For Jackson, songwriting has always been a way to articulate her feelings. “Your mind doesn’t think in straight lines and you don’t think in words,” she muses, “but, just writing a song, if you’ve got four lines and you want them to rhyme or you have a certain number of syllables that fit in a melody you’ve got an idea for, I don’t know — you end up just really thinking about every single word and making sure it’s exactly what you want to be saying.”

This comes in part from Jackson’s respect for the beauty of a well-crafted song — its structure and the story it recites. “The lyrics [and] the way the melody’s going is much more exciting for me than sort of labouring over a kick drum sound or anything like that,” she continues. “I think there’s different approaches to the music and, for some people, it’s way more exciting to experiment with all the sonics and stuff, but I’m so much more interested in the actual content of the song — the beginning, the middle, and the end.” 

A fan of both The White Stripes and Elvis, Jackson names Car Seat Headrest, a Seattle-based indie rock outfit, as a band she currently admires for the way they craft their songs. “Their music is super poppy and melodic and Beach Boys-y, but it sounds really scuzzy, which is my favourite — when a song is really perfect, but it’s recorded in a sort of wonky kind of way, with loads of character,” she says.

Of course, Nirvana was masters of doing this — fuzzing out their impeccable pop sensibilities. “And that’s what so amazing about Nirvana,” Jackson continues. “That’s the same thing, what I was saying about Car Seat Headrest — it’s just these perfect songs.
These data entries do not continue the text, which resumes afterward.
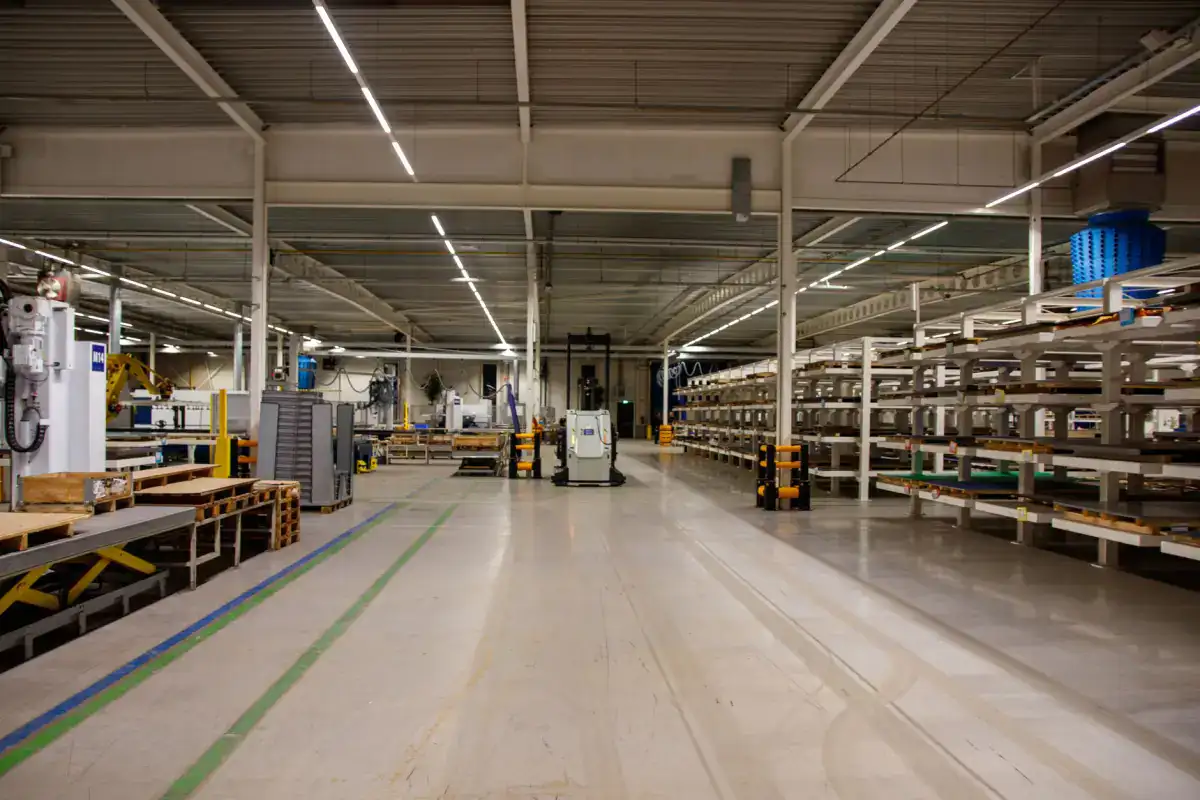 An industrial building interior with racking down one side and a pale concrete floor marked with painted aisle lines.
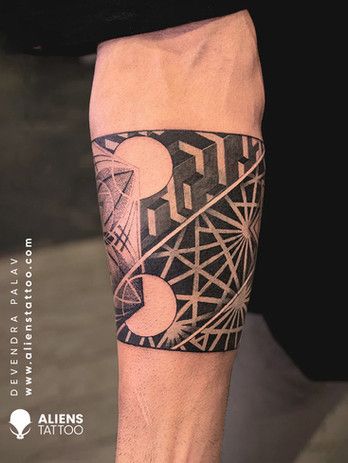 a man's arm with an abstract tattoo design on the forearm and leg area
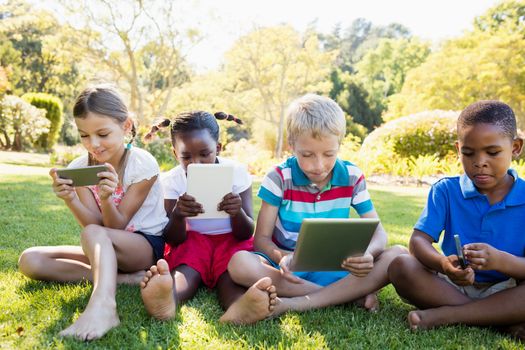 Kids using technology during a sunny day at park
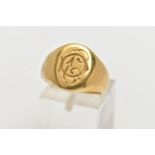 A YELLOW METAL SIGNET RING, oval form with monogram engraving, inside band engraved 'Septembre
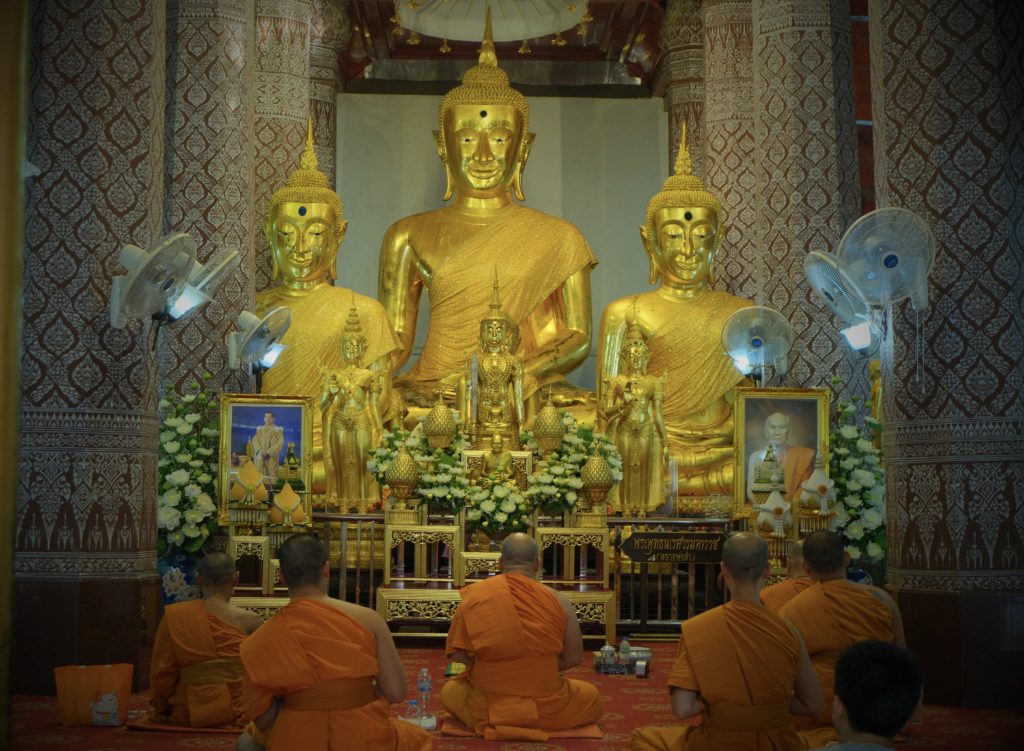 Monks in orange robes gathered in front of 3 large Buddha statues in a temple.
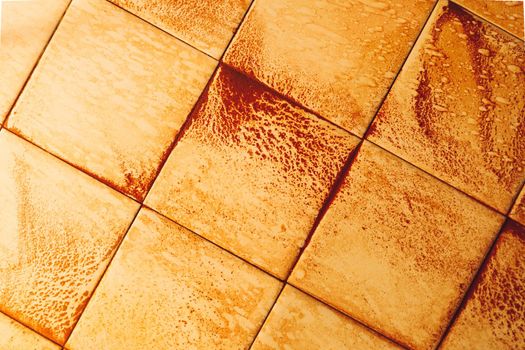 abstract wet rust scattering on a tile background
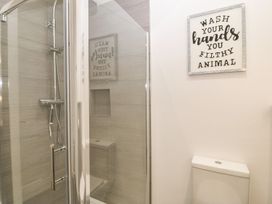 A bathroom with a glass shower enclosure and a toilet with a sign above at 3 Yr Hen Lys in Pwllheli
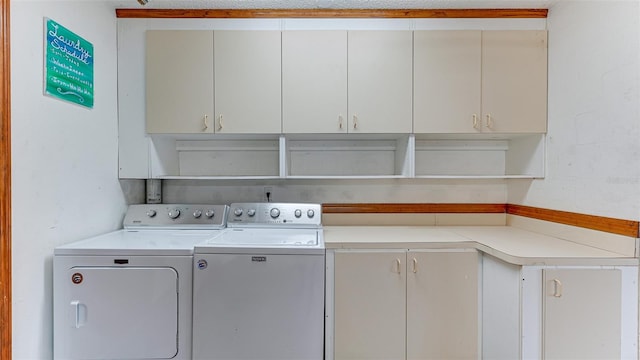 laundry room with cabinets and washer and dryer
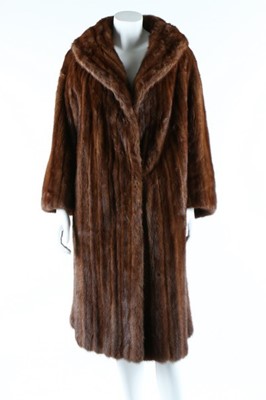 Lot 52 - Two fur coats, 1950s, one of tan fur probably...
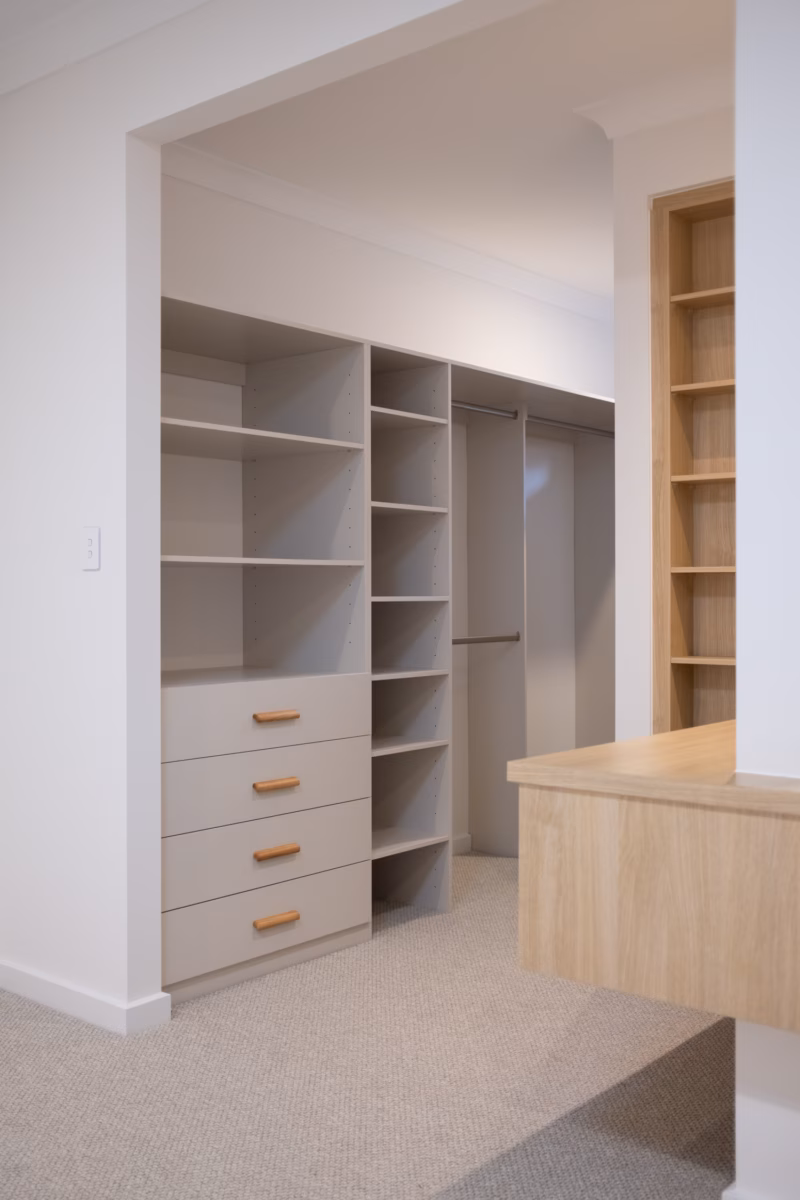Standard walk-in robe in Polytec Amaro Matt featuring a custom drawer unit with Furnipart Glove Oak handles positioned alongside a matching shoe tower, by Packers.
These beautiful melodies and key changes and a verse and a bridge and a chorus and a middle eight and all these different sections that compliment each other perfectly and on chord after another chord.” 

With smart lyrics that provide a thoughtful narrative to tart, guitar-wielding melodies and neat harmonies, The Big Moon continues to demonstrate that they, too, are champions of crafting those perfect songs. And, being a powerful collective of female musicians, the band constantly gets questioned on how their gender plays into them — if feminism has a role in their artistry or if they feel pressure to make a statement.

“I think it is what it is,” Jackson responds. “I don’t have any big political agenda. I don’t need to stand up for anyone, I’m not representing anyone apart from myself. I don’t think of it as a big deal. And I also think we’ve never been at a disadvantage. I get the impression that we’re maybe quite lucky in that respect, because it seems like a lot of females in the music industry do end up having a hard time, but we really haven’t. We really haven’t at all.”

For The Big Moon, what’s important is music — and each other.